TASK DETAILS:
With the pictures excluded, repeat every entry exactly.
DATA EXCERPTS Start Marker
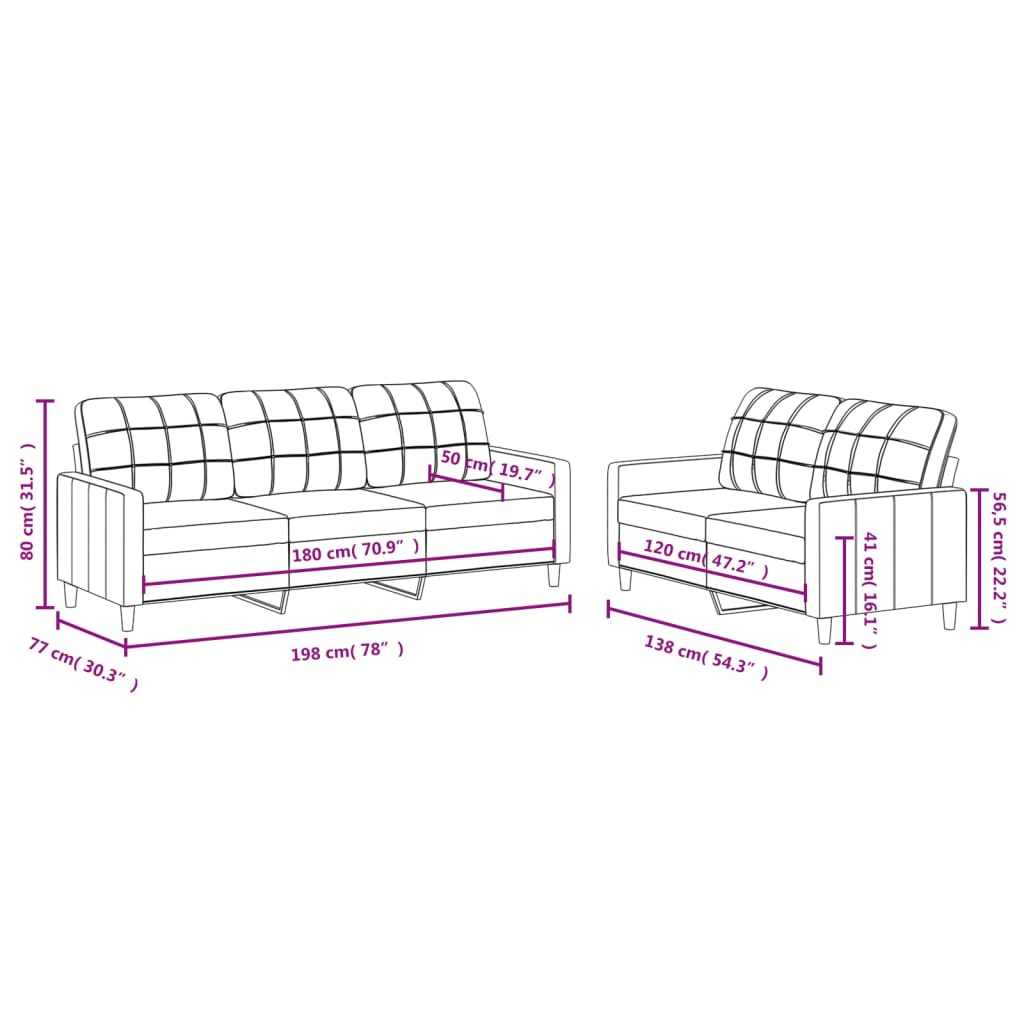 Ensemble de canapés 2 pcs avec coussins Crème Tissu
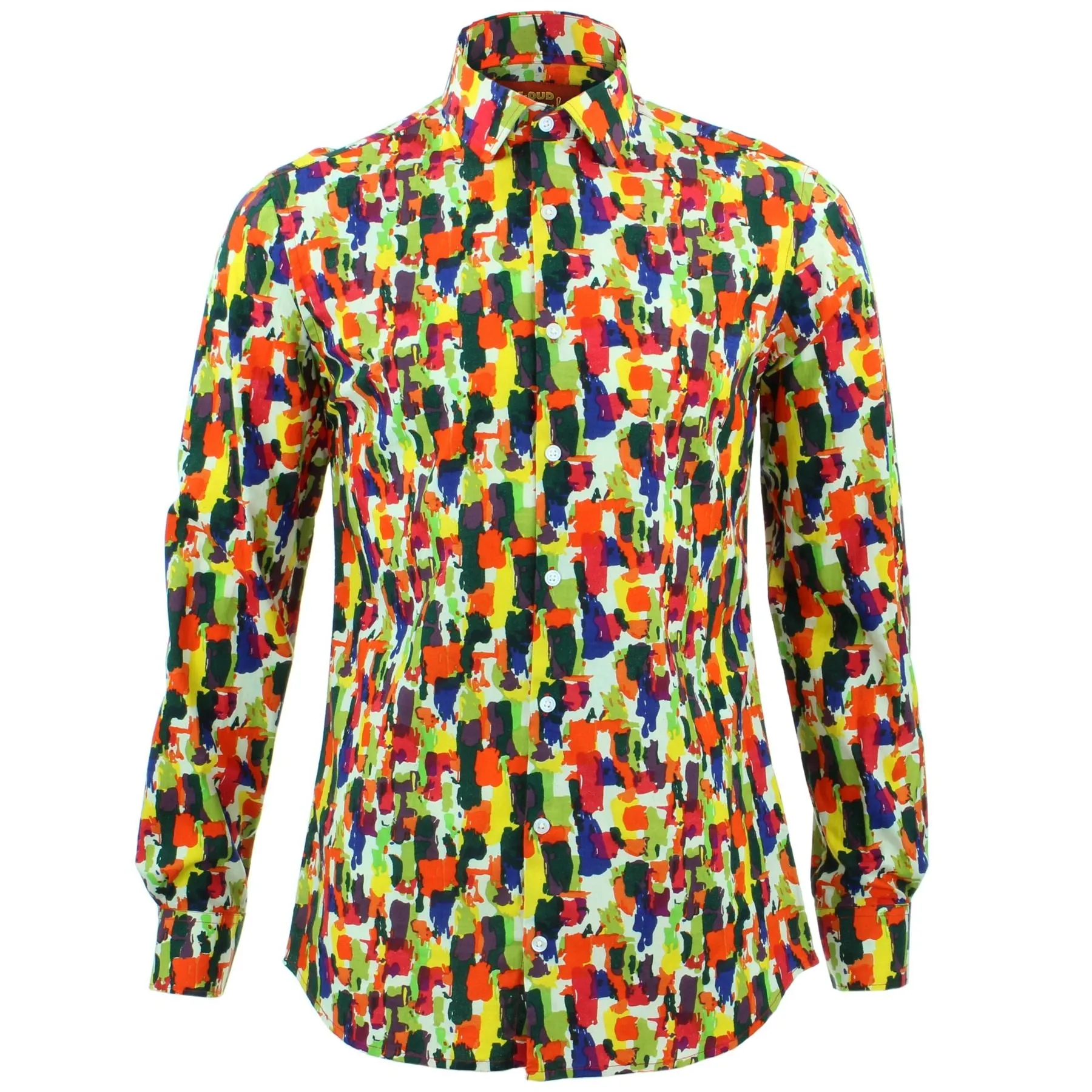 Tailored Fit Long Sleeve Shirt - Paintbrush Strokes
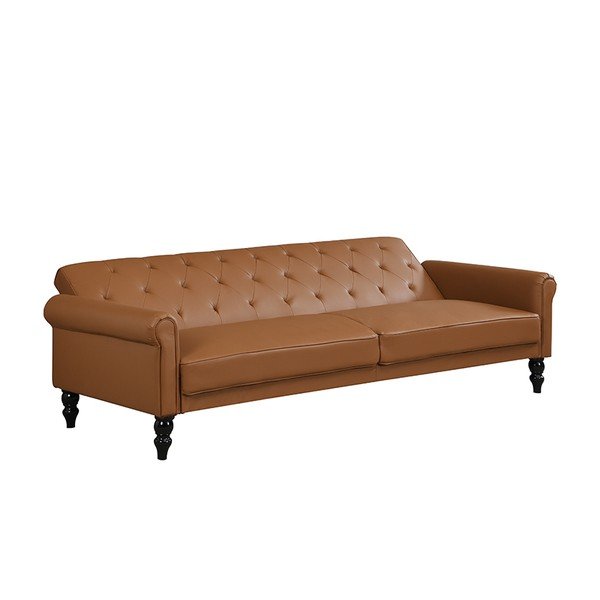 Konjak smeđa podesiva/sklopiva sofa od imitacije kože 222 cm Tyne – Støraa-image-3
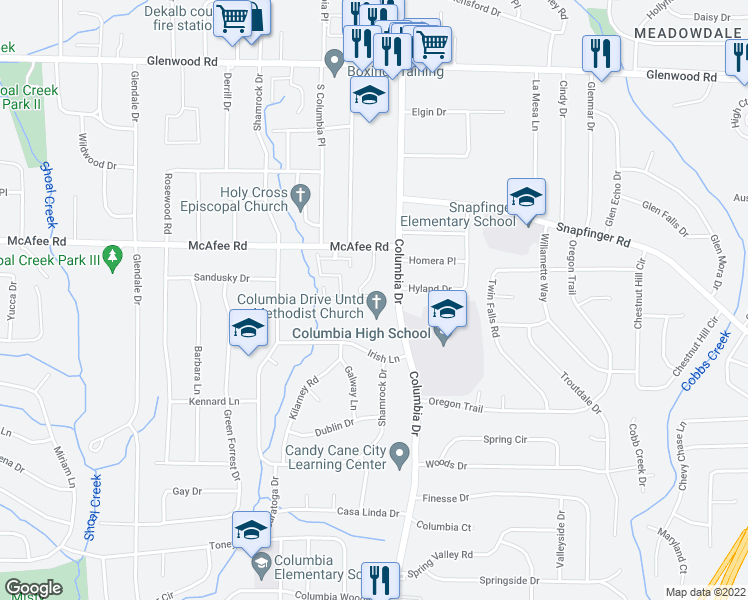 map of restaurants, bars, coffee shops, grocery stores, and more near 2067 Columbia Drive in Decatur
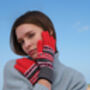 Dot And Cross Lambswool Gloves In Harlequin Red, thumbnail 1 of 4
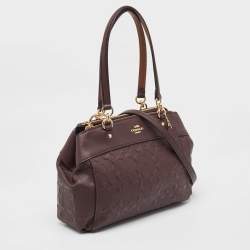 Pre Owned Coach Plum Signature Leather Mini Brooke Carryall Satchel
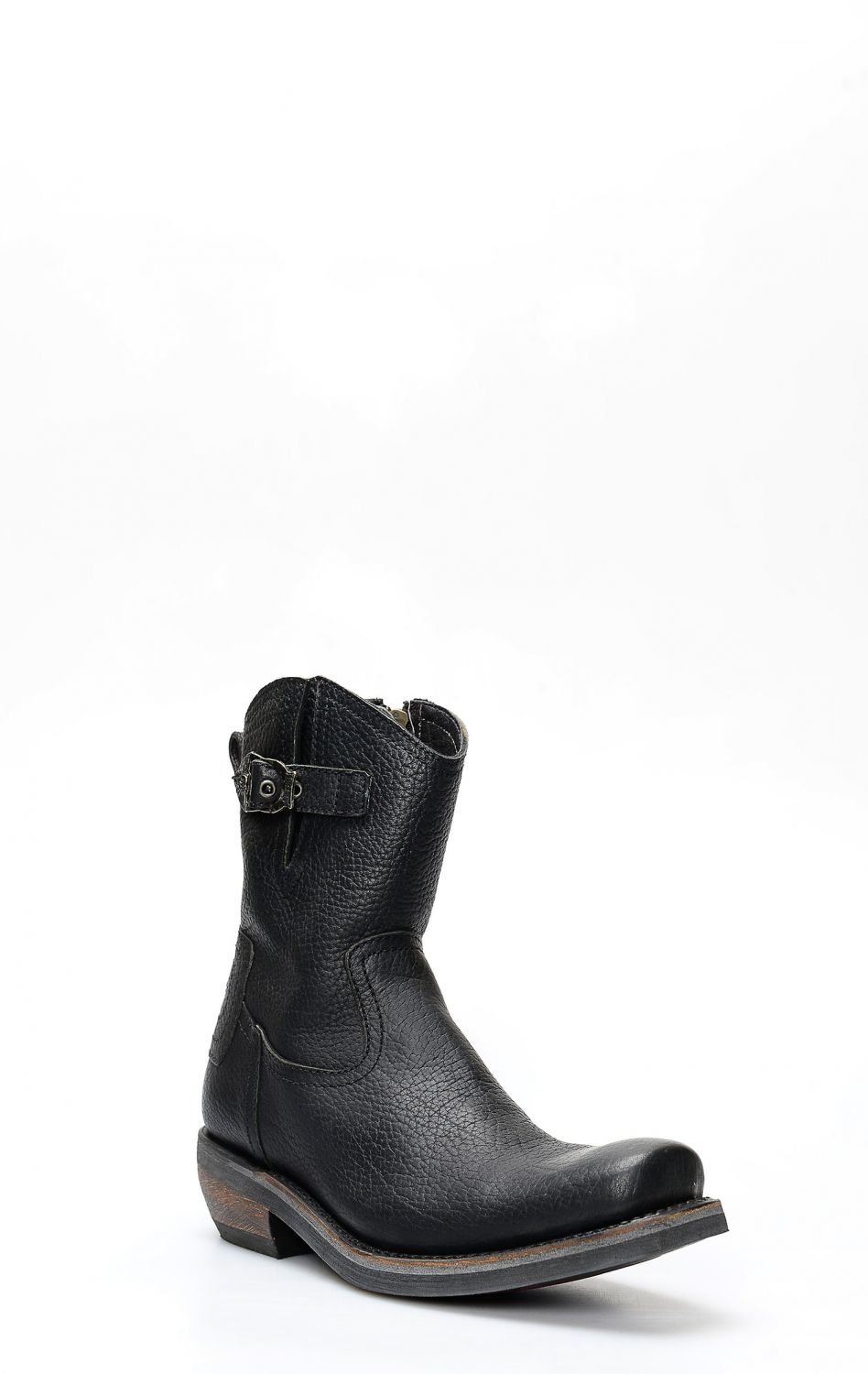 Liberty Black biker boot with zipper and square toe | LBK85004GZN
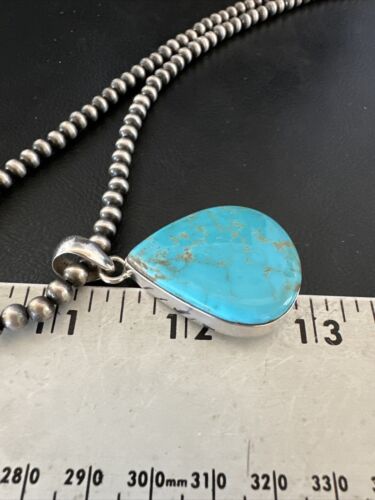 Navajo Blue Kingman Turquoise Pendant Necklace | Sterling Silver | 20" | Authentic Native American Handmade | 17001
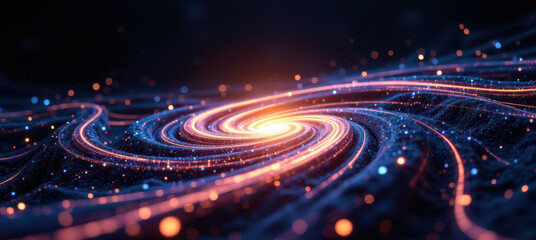 Abstract digital technology concept with neon lights and stars, futuristic and cool backdrop for presentations or videos.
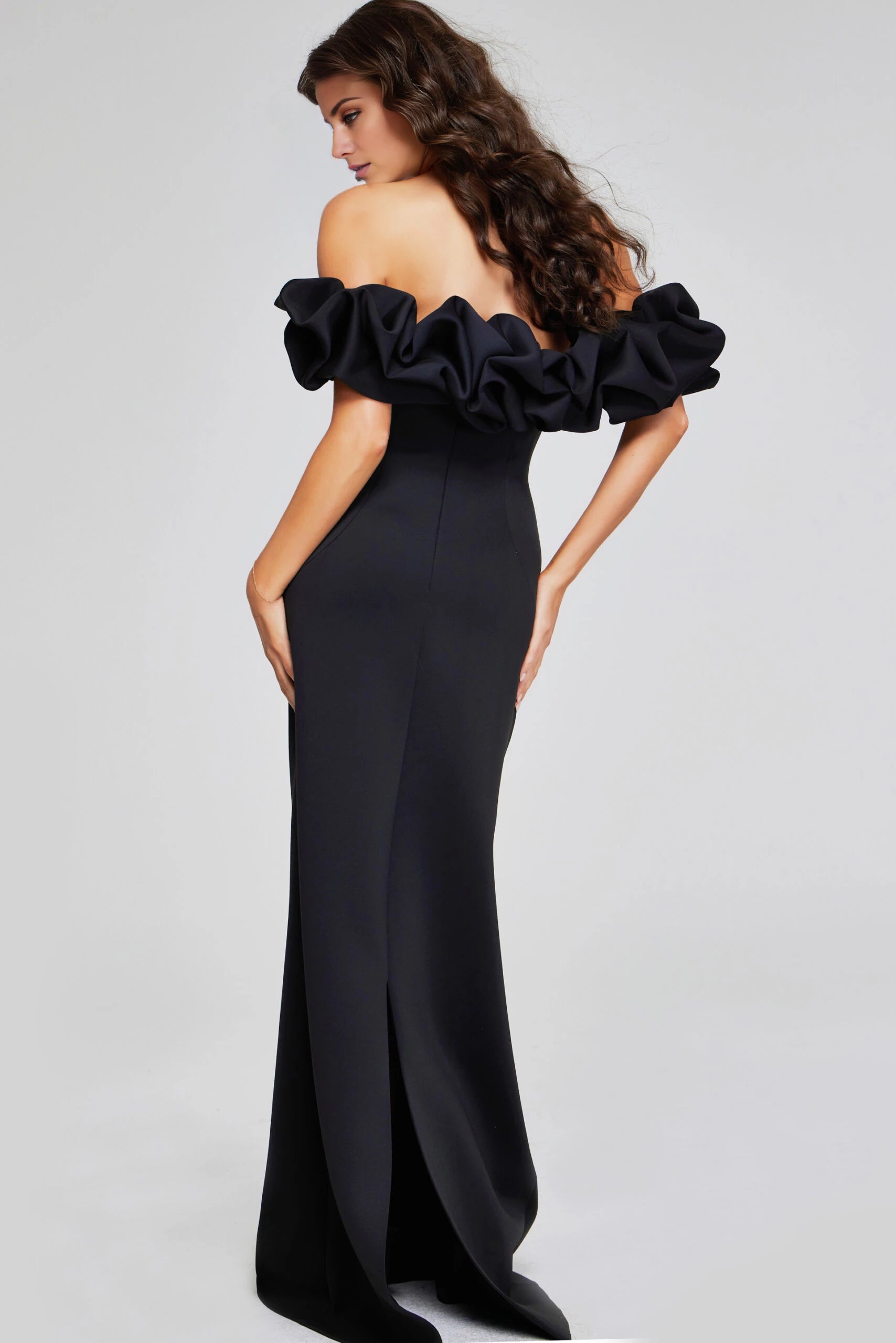 Elegant Black Off-Shoulder Gown with Ruffled Sleeves Evening Dresses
DATA EXCERPTS End Marker
SOLUTION FOR THIS EXERCISE:
 Ensemble de canapés 2 pcs avec coussins Crème Tissu
 Tailored Fit Long Sleeve Shirt - Paintbrush Strokes
 Konjak smeđa podesiva/sklopiva sofa od imitacije kože 222 cm Tyne – Støraa-image-3
 map of restaurants, bars, coffee shops, grocery stores, and more near 2067 Columbia Drive in Decatur
 Dot And Cross Lambswool Gloves In Harlequin Red, thumbnail 1 of 4
 Pre Owned Coach Plum Signature Leather Mini Brooke Carryall Satchel
 Liberty Black biker boot with zipper and square toe | LBK85004GZN
 Navajo Blue Kingman Turquoise Pendant Necklace | Sterling Silver | 20" | Authentic Native American Handmade | 17001
 Abstract digital technology concept with neon lights and stars, futuristic and cool backdrop for presentations or videos.
 Elegant Black Off-Shoulder Gown with Ruffled Sleeves Evening Dresses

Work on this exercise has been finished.